The bad sex I'm referring to is less awfully written and more just plain awkward. The kind of sex scene where the friction of skin against skin produces sounds more often associated with whoopie cushions than making whoopie, or the pressure of trying to make each other feel good overshadows the moment and makes it impossible for one or both partners to finish, leaving them frustrated in more ways than one. Bad sex also includes sex scenes featuring a character whose body works differently than their lover expects, but the character is too afraid to explain and so watches helplessly as their lover tries moves that feel as good as grass clippings on bare feet.
This kind of bad sex doesn't turn up often in romance novels.

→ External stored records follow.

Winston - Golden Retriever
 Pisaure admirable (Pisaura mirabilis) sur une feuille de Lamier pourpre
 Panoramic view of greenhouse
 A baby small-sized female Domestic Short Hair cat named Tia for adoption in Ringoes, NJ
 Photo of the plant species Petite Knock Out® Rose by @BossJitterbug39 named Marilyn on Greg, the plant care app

As a genre, romance isn't known for its awkward romps. Quite the opposite. Romance novels with sex on the page have anywhere from 1-7 (and sometimes more) sex scenes, and the implication is that all of those will be good sex scenes.
And who doesn't want to read about two or more people having a great time in the bedroom? It feeds the need for comfort and surety so many of us look for in romance novels. We want to live in a pleasure-forward world populated by people who want their partners to have as much fun romping as they do.
But while I love writing and reading sex scenes rife with physical connection and characters whose shared ability to glean each other's needs rivals a psychic's, there is something pretty magical about a scene where the connection between the main characters that exist outside the bedroom gets lost in translation as soon as the clothes are off and the sheets are down.
Because that scene necessitates a conversation between the characters. They have to talk; there's no other way they can learn about what each other wants and needs in bed (unless they're psychic or telepathic, and even then, one could argue that using those powers to glean a partner's desires without their consent is morally grey). And as they talk, the characters open up to each other and expose the emotional wounds they'll slowly reckon with and get past as the story moves forward.
This talk brings them closer. It advances their character development arcs, because in confronting their needs and desires, they'll make links to the needs and desires outside the bedroom that have been misunderstood or left unfulfilled. This honest, open conversation forms a bond far stronger than simultaneous orgasms can sew, and that bond makes the discord embedded into the third act, or Phase 3, as Gwen Hayes calls it, even more heartbreaking.
And the key to mending that heartbreak? Good sex, which can serve as both a happy ending in the bedroom and the book.
So if you want your next book to stand out, consider adding some bad sex. After all, it's far more difficult to forget bad sex than good, and if your goal is to write memorable books, then a blundering bonk might just be the key to your next bestseller.